Toan v. Pline

60 Mich. 385 | Mich. | 1886

Campbell, C. J.

Plaintiff sued defendants for one year’s rent, according to an instrument of lease made by James H. Hose, dated March 17, 1883, whereby he leased to Nicholas Pline, the other Nicholas signing as surety, the premises in question, for two years from the ensuing September 1st, at an annual rent of $175, which, by the terms of the lease, was made payable to plaintiff. Defendants, as plaintiff offered to show, went into possession, and so continued when suit was brought soon after default. Plaintiff offered to show that she was owner, and all the preliminary arrangements were made with her, and Pose signed as her agent, and it was so understood; that, while the year was running, defendants applied to plaintiff to accept a surrender, and put in another tenant.

The circuit court of Ionia county held the lease void for want of written authority in the agent, and directed a verdict for defendants. Plaintiff brings error.

We think this ruling was wrong on two grounds.

The lease, on its face, purports to be made by Pose; and if testimony is not allowed to dispute his being principal, the action lies by Mrs. Toan, as payee under the lease, to whom, and to whom alone, all the money was to be paid, and defendants directly and expressly promised to pay it to her.

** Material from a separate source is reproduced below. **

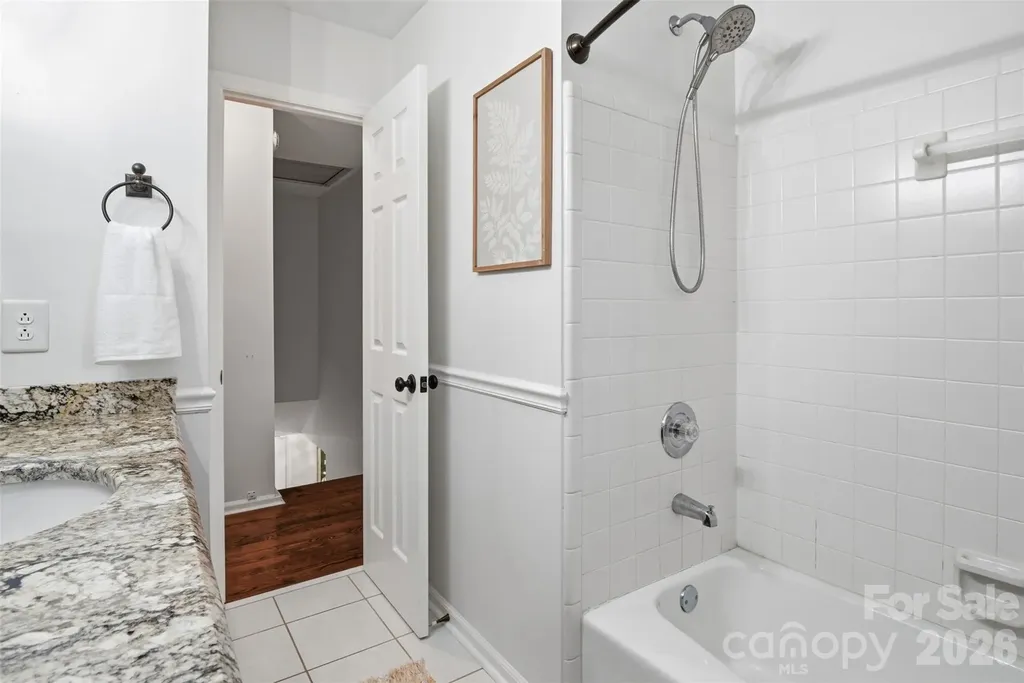 516 Eastville Court Matthews NC 28105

She, being the only person entitled, could sue in her own name without an assignment, and defendants, having enjoyed the property under the lease for a full year, cannot escape their promise to pay her : Hopkins Manuf'g Co. v. Aurora F. & M. Ins. Co., 48 Mich. 148.

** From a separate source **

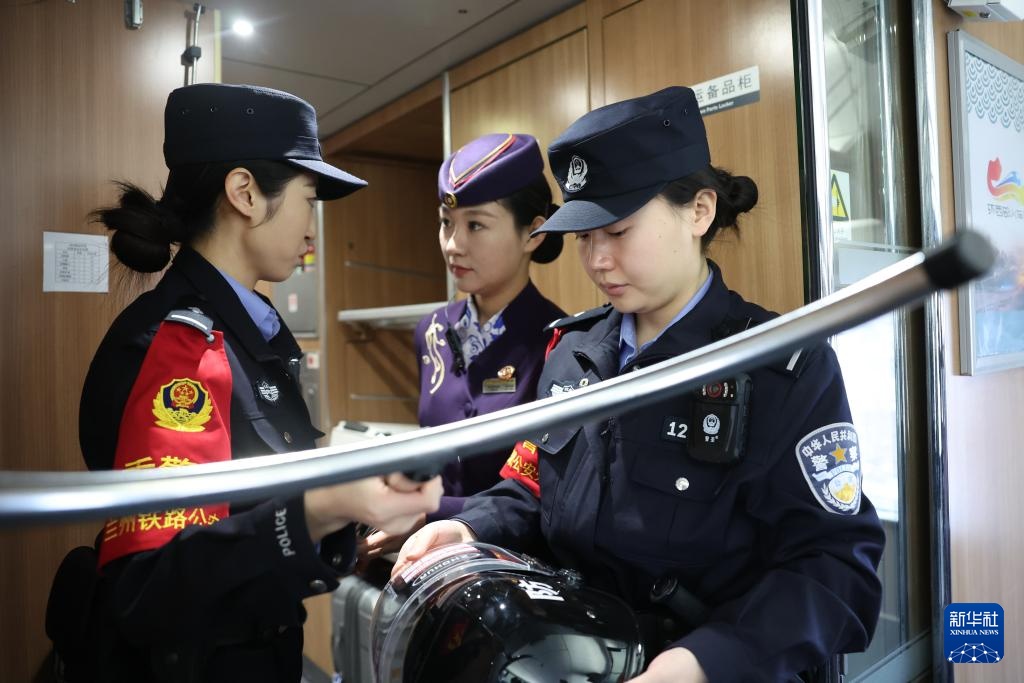 “铿锵玫瑰”护旅途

But we see no reason why it was not competent to show' *388that the lease was made on plaintiff’s behalf by her agent. While the statute of frauds makes leases for more than one year invalid if the agent is not authorized in writing, yet, where the lessee has been put in possession, and has enjoyed the premises for a full year, the executed agreement is good for that period at least, and is not within the statute: Norris v. Showerman, 2 Doug. 27; Switzer v. Gardner, 41 Mich. 164. Had the property been surrendered when the year expired, that might bear upon liability for the second year, but it could not prevent liability for the rent already accrued, which is all that is involved in this suit.

Whether, therefore, she is treated as payee under Nose’s lease, or as Nose’s principal, makes no difference in the present action. The declaration shows what the lease was, and in whose name it was made, and discloses a good cause of action.

The judgment must be reversed, with costs, and a new trial granted.

The other Justices concurred.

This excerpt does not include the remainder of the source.